In a recent edition of his excellent newsletter companion to his book, The Art of Noticing, my friend Rob Walker wrote about the spirit of DJs digging through record crates featured in the documentary Scratch:
You have to spend the time to sort through the junk to find the treasure. There is no shortcut…. I like to try to apply this spirit of crate-digging to everyday life. The only way to find the good stuff, the special stuff, the genuine moments and the true inspiration, is to first engage with the everyday, the mundane, the seemingly useless, the things nobody else seems to care about. So engage. There is no shortcut; there is no algorithm. If all you do is track what’s trending, then all you’ll ever know is exactly what everyone else already knew. To discover, you have to dig.
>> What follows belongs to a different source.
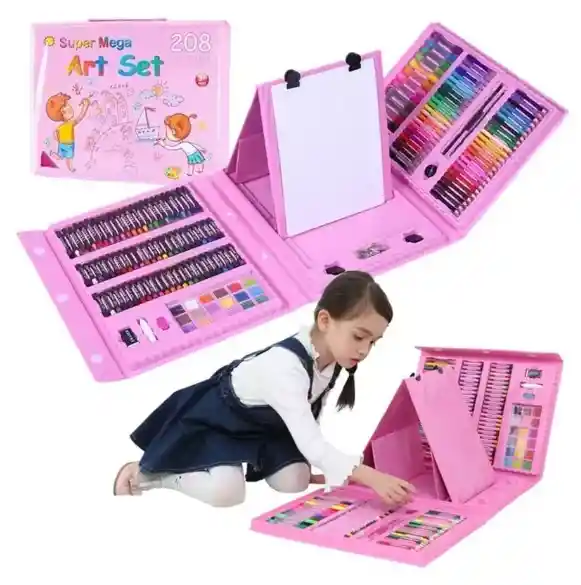 Set De Arte 208 Piezas Jl-321 Rosado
I was reminded of chapter six of Twyla Tharp’s The Creative Habit, entitled, appropriately enough, “Scratching”:
You know how you scratch away at a lottery ticket to see if you’ve won? That’s what I’m doing when I begin a piece. I’m digging through everything to find something. It’s like clawing the side of a mountain to get a toehold, a grip, some sort of traction to keep moving upward and onward….. Scratching can look like borrowing or appropriating, but it’s an essential part of creativity. It’s primal, and very private. It’s a way of saying to the gods, “Oh, don’t mind me, I’ll just wander around in these back hallways…” and then grabbing that piece of fire and running like hell.